━━━━━ Available data ━━━━━
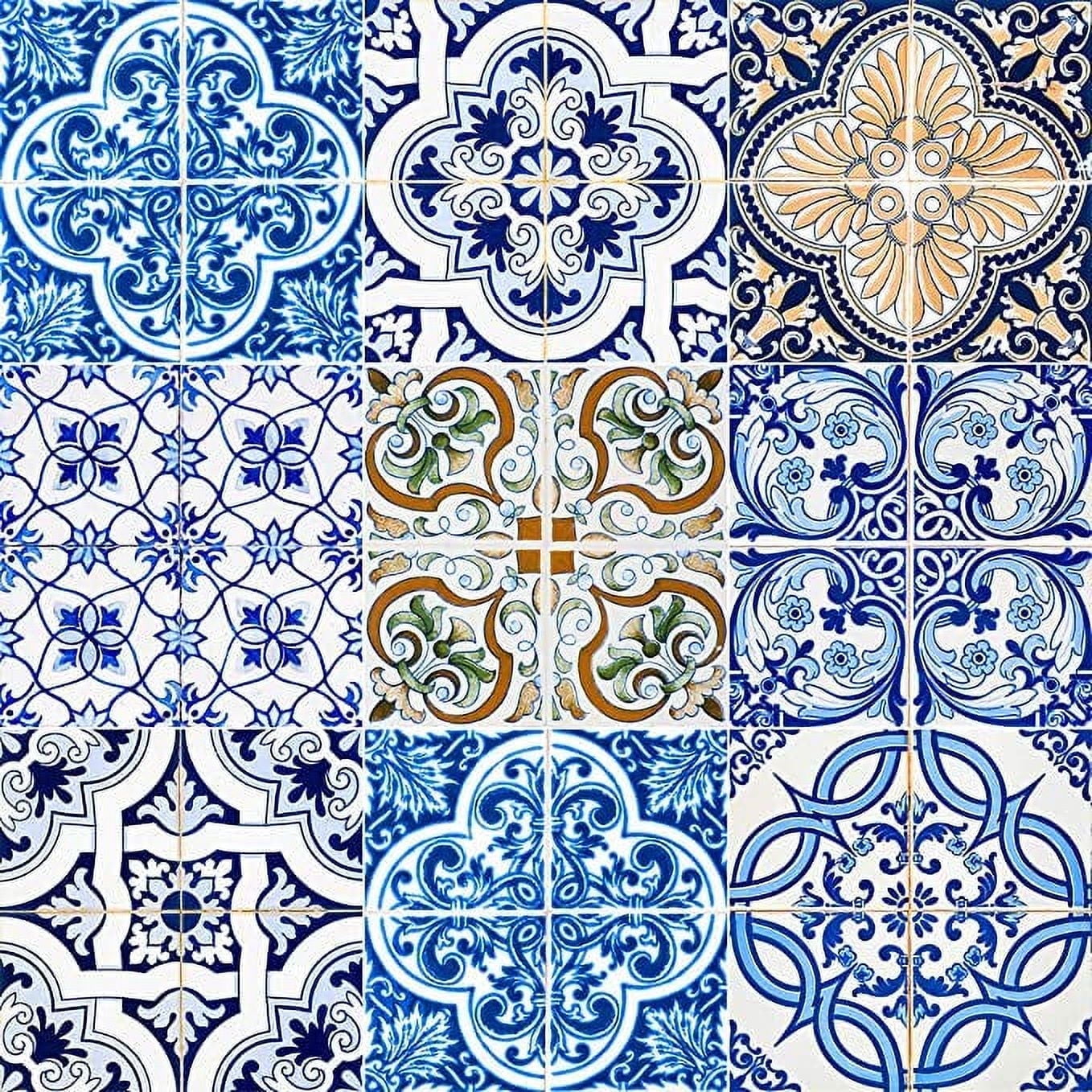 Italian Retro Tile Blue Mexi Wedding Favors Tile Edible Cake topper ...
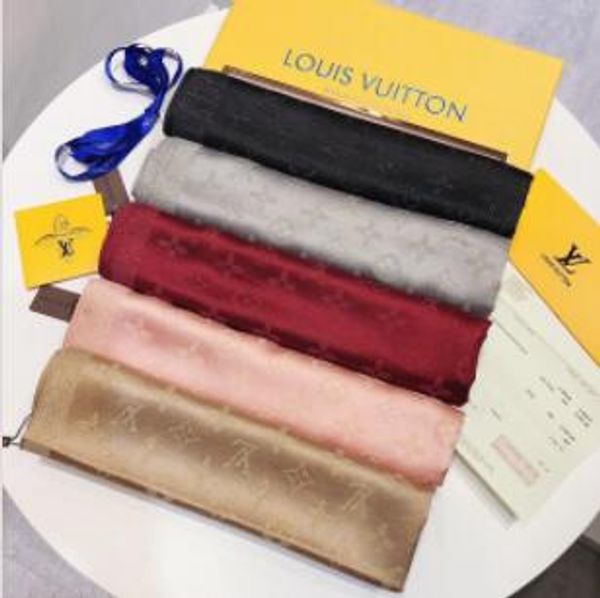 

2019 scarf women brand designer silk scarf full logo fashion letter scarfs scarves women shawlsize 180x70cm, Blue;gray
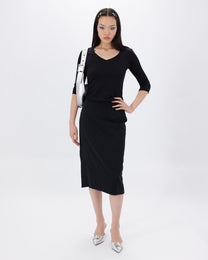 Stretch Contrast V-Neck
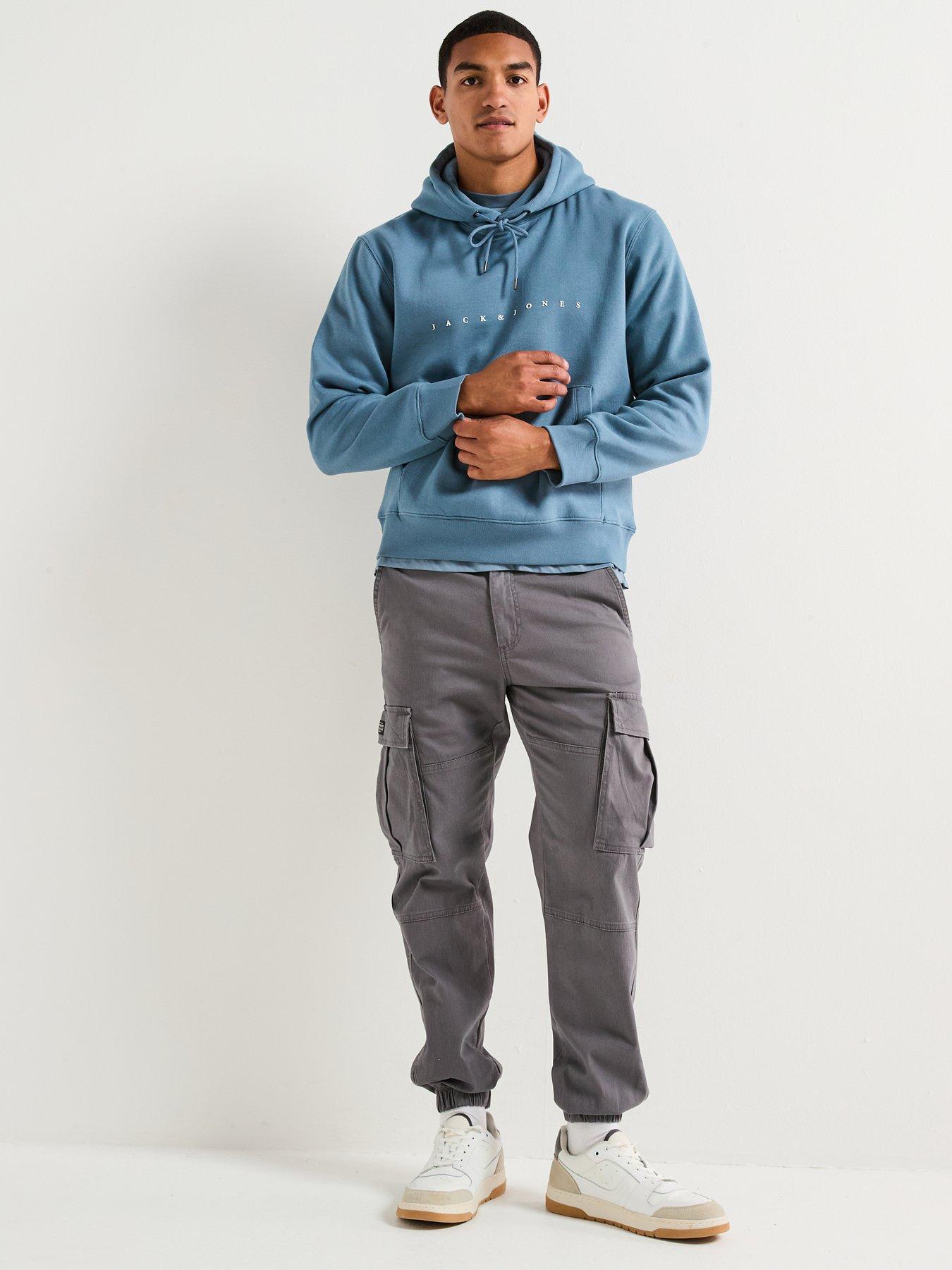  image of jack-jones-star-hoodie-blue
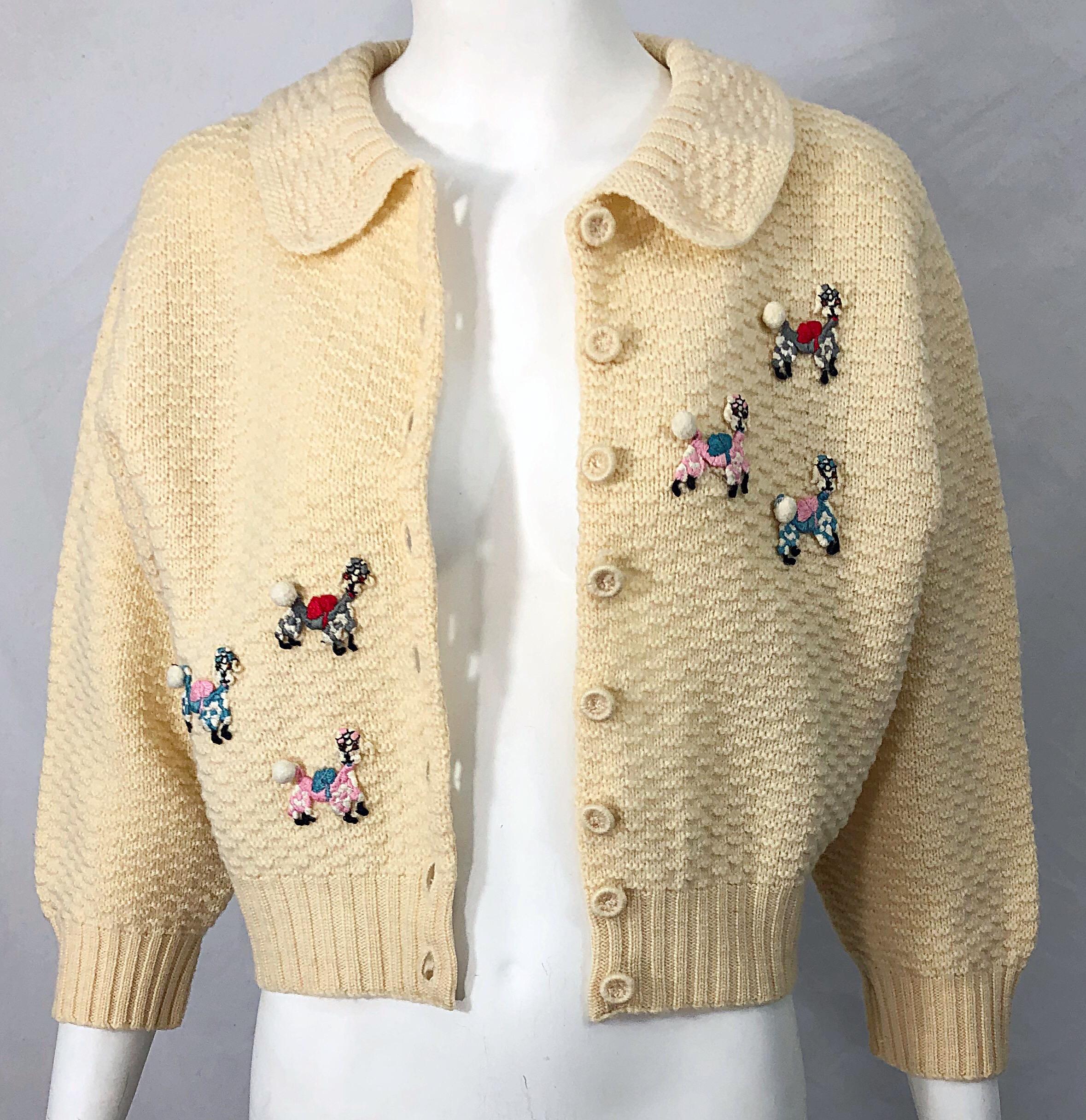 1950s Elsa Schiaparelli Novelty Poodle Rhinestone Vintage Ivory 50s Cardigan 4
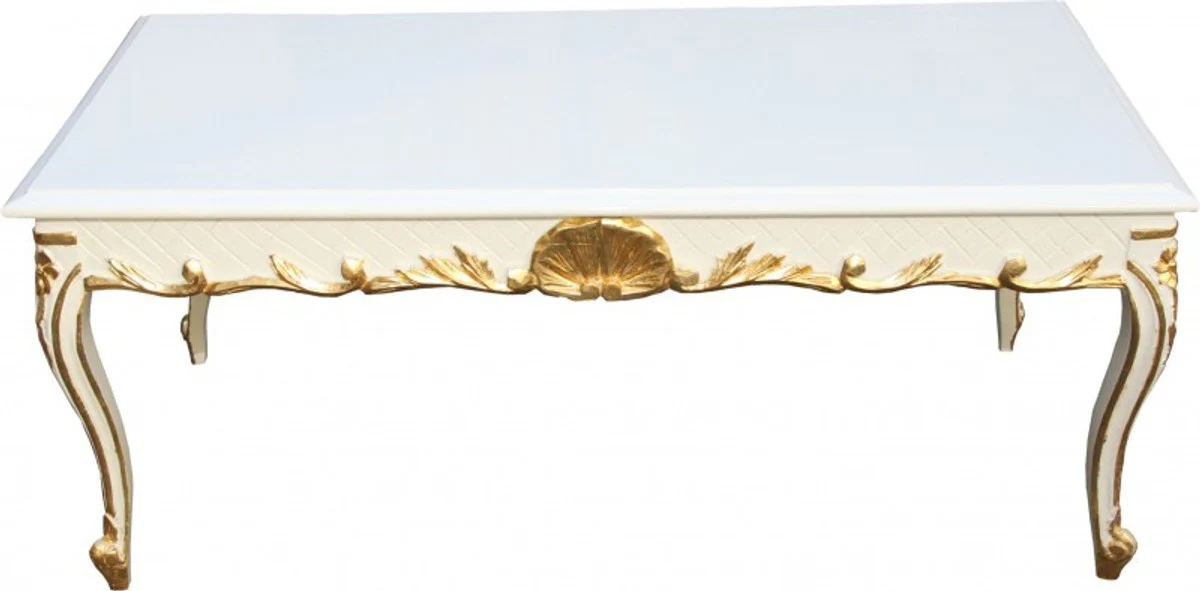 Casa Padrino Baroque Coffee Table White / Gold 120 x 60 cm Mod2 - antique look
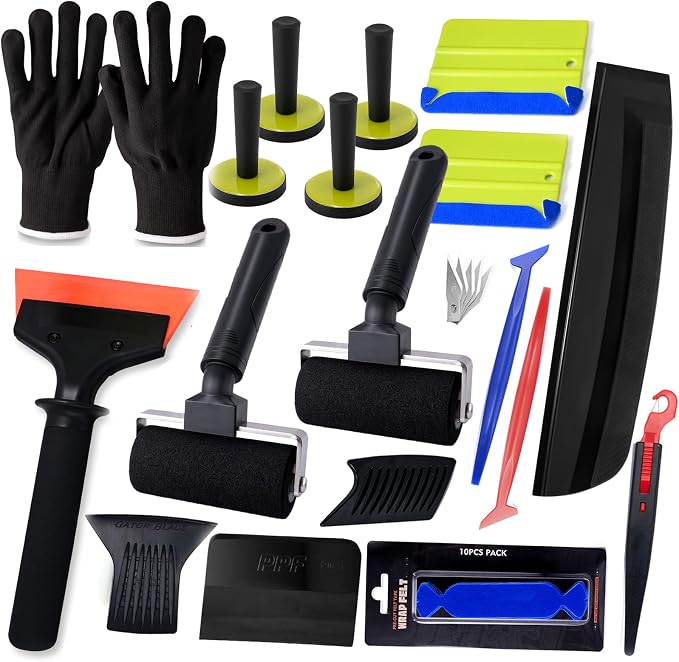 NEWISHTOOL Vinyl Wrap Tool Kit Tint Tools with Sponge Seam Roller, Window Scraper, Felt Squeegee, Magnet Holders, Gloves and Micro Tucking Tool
━━━━━
- What this task involves:
In the listing above, find the line with "1950s Elsa Schiaparelli" and the line with "Casa Padrino Baroque". Copy exactly those lines and all between them, minus the images.

- Solution below:
 1950s Elsa Schiaparelli Novelty Poodle Rhinestone Vintage Ivory 50s Cardigan 4
 Casa Padrino Baroque Coffee Table White / Gold 120 x 60 cm Mod2 - antique look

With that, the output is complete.